Jô 2: Ser H na vida
As noites de nosso grupinho com Jô Soares começavam com um
rabo de galo no 'Jeca', esquina da Ipiranga com São João, ainda não tanto
celebrada. Aperitivo para diminuir o estresse do dia, se é que aquilo era
estresse, adorávamos a tensão jornalística. Prosseguíamos com uma parada num
banco da Praça da República para decidir onde ir. Ficávamos ali entre oito e
meia e nove. Parece loucura, o tempo era outro. Hoje não atravesso praça ao
meio-dia.
A decisão era a mesma, jantar no Clubinho, o Clube dos
Artistas e Amigos da Arte, no porão do Instituto dos Arquitetos, na Rua Bento
Freitas. Durou de 1945 aos anos 70. Bebida e comida baratas e um picadinho
imbatível (que reencontrei agora no Bar da Dona Onça, da Janaína Rueda). Ali
estavam, sempre, Polera, pianista - que, se não me engano, era irmão de Joubert
de Carvalho, autor da canção Maringá -, Rebolo, Mario Gruber e Clovis Graciano,
Sérgio Milliet, Arnaldo Pedroso d'Horta, Marcos Rey e seu irmão e Mário Donato,
cujo romance Presença de Anita tinha sido best-seller fenomenal, o que levava
Jô a dizer, 'o melhor pornô que já li, dá tesão e é boa literatura'.
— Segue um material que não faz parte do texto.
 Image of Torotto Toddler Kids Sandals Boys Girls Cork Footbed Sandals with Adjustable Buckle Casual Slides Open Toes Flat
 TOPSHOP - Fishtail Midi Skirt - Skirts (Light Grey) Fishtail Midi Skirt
Ali circulava Maiza Strang da Rocha, jovenzinha, autora de
um romance, Incerteza, de 1959, que deu uma entrevista ao nosso Dorian Jorge
Freire dizendo coisas como 'o homem esquece que a mulher tem direito de ter
sexo' - ou seja, foi pioneira do feminismo. Pela entrevista, Jô, naquela noite,
pagou o jantar de todos e, imenso, redondo, abraçou apertado o Dorian, que
pequenino, magérrimo, quase foi sufocado.
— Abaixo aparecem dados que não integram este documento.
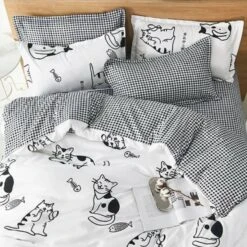 Parure De Lit Chats Blancs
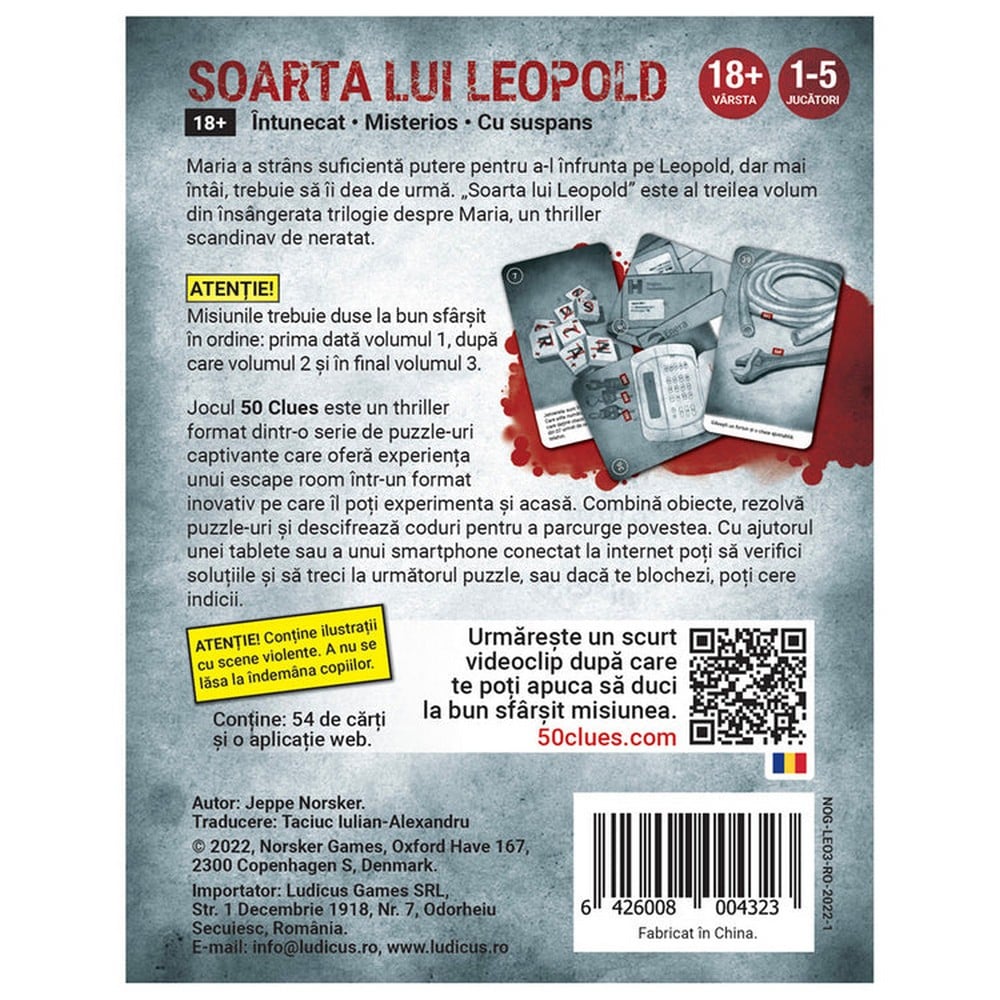 50 Clues: Soarta lui Leopold, joc de societate în limba română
As noites eram longas e os lugares, muitos. Vinha o roteiro
dos 'inferninhos', designação estranha, nunca definida. Eram bares onde rolava
prostituição disfarçada. Ali as mulheres ficavam à espera do chamado dos homens
para uma bebida e o acerto do quantum pelo programa. A região era a boca de
luxo. Aquelas mulheres deviam ter sempre ao lado um homem que era um falso
noivo, falso marido, etc. Este acompanhante era chamado de 'H' e era pago pelo
dono da boate para fingir companhia. Não era um cafetão. Jô, Gilberto di Pierro
- antes de ser o célebre colunista Giba Um -, Marco Antonio Rocha - depois
editorialista deste jornal - , o jornalista José Roberto Pena, um dos criadores
da revista Quatro Rodas, David Aierbach, comentarista político, e eu, algumas
vezes consideramos a possibilidade de, tendo fracassado na vida, quando velhos,
lá pelos 60 anos, sermos um H, sem nada a fazer, sentados num bar, ganhando um
uísque, talvez obtendo uma graça de graça de uma daquelas jovens. Dorian e Pena
morreram há muito anos, Marco e eu sobrevivemos, Jô tornou-se um gênio que
deixou um vazio no ar. Lamento, continuarei.
O Estado de S. Paulo, 28/08/2022
Ignácio de Loyola Brandão - Décimo ocupante da Cadeira 11 da
ABL, eleito em 14 de março de 2019 na sucessão do Acadêmico Helio Jaguaribe.